The day is cold, and dark, and dreary;
It rains,and the wind is never weary;
The vine still clings to the mouldering wall,
But at every gust the dead leaves fall,
And the day is dark and dreary.

My life is cold, and dark, and dreary;
It rains,and the wind is never weary;
My thoughts still cling to the mouldering past,
But the hopes of youth fall thick in the blast,
And the days are dark and dreary.

Be still, sad heart, and cease repining;
Behind the clouds is the sun still shining;
Thy fate is the common fate of all,
Into each life some rain must fall,
Some days must be dark and dreary.
Henry Wadsworth Longfellow

It is spring, and everyone knows that April showers bring May flowers.

Living on the West Coast of Canada, flowers start here in January, and continue until October. Rain also starts in January, and ends … on December 31.

I have strong feelings concerning rain. My feelings towards rain are not innate, I have not always felt this way about rain. My feelings towards rain were not nurtured into me, as I did not grow up hearing negative messages about rain. My feelings concerning rain are situational. I have lived on the Wet West Coast of Canada for almost sixteen years now , and I have developed a strong, well-educated, deeply felt conviction about rain … I HATE it!

Oh, I love the lushness of the flora that I get to see year round.

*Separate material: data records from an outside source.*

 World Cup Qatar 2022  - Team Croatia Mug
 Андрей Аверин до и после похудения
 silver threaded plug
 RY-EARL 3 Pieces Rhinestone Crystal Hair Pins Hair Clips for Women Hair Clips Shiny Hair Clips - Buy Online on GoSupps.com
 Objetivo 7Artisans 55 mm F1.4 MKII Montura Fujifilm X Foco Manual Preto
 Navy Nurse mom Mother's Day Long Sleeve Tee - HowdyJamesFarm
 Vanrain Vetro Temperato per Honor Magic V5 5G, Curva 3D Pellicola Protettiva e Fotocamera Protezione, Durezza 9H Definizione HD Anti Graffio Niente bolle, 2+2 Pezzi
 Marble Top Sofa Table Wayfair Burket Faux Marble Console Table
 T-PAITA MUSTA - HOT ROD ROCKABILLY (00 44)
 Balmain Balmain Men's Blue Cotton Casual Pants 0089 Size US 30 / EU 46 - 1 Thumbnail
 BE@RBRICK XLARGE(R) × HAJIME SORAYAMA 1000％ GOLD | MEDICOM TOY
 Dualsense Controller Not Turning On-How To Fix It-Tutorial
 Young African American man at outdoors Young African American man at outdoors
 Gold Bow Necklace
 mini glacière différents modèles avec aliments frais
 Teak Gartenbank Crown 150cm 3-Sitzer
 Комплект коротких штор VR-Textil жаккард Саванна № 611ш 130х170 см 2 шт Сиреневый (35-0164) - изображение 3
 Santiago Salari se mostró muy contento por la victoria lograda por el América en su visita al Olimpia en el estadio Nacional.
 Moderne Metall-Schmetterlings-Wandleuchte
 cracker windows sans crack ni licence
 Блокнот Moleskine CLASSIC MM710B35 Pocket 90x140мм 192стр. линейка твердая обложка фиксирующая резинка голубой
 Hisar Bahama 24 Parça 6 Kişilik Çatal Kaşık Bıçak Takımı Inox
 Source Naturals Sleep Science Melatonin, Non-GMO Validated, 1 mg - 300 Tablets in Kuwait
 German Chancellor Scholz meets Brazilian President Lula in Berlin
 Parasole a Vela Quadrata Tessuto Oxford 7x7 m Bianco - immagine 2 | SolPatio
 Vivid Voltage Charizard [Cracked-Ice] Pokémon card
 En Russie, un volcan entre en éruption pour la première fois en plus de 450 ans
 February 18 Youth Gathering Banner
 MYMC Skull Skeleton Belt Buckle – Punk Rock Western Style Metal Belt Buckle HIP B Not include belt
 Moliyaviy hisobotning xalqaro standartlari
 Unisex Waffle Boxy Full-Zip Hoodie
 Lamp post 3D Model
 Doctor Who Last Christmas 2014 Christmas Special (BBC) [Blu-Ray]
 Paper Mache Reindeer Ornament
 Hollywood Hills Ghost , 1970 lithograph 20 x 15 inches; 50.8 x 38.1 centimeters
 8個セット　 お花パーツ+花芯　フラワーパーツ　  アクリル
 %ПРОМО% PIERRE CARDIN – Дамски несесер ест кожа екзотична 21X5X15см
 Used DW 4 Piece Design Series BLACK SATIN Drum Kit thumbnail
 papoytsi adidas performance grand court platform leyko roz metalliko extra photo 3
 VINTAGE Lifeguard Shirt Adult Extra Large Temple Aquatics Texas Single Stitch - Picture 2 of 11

I just do not love it ALL THE TIME. It (rain) has horrible effects on me. I get sleepy, grumpy, dopey, bashful and I feel I need to see the doc (only sneezy and happy are missing from my seven dwarfs of rain … well, when the rain stops, I do get happy … but, I digress).

Rain and I just do not go well together.

But, when the sun comes out, and the puddles dry up, and the flowers open, and I don my open shoes, I forget about the rain that had been dominating my every thought previously. Once the rains are out of sight they are out of my thoughts.

Rain is like struggle to me.

When I struggle, the struggle, and how to alleviate it are paramount in my thoughts. The struggle gets me down. It makes me sleepy, grumpy, dopey, bashful and … I feel the need to talk to my healer, my spiritual ‘doc’. When I struggle, I spend far more time on my knees, asking God for guidance, for wisdom, for healing.

But, when the struggle is over, and the the tears dry up, and my spirit lightens, and my soul takes delight in life again, I forget about the struggle that had been dominating my every thought previously. Once the struggle is out of sight, I forget the healer who accompanied me through the pain.

The healer does not leave me when I am struggling, nor does he leave me when I am through the struggle, and not as reliant on him. He is with me always … like the rains on the west coast. The shadows may at first glance be depressing, but on closer examination, they are evidence of the presence of his light. The cold rain at first glance, may be cold and damp, but on closer examination, they are evidence of the refreshment, the new life that he provides.

“For I am convinced that neither death nor life, neither angels nor demons,
neither the present nor the future, nor any powers, neither height nor depth, nor anything else in all creation,
will be able to separate us from the love of God that is in Christ Jesus our Lord.”
Romans 8:38-39

” … behind the clouds the sun is still shining.”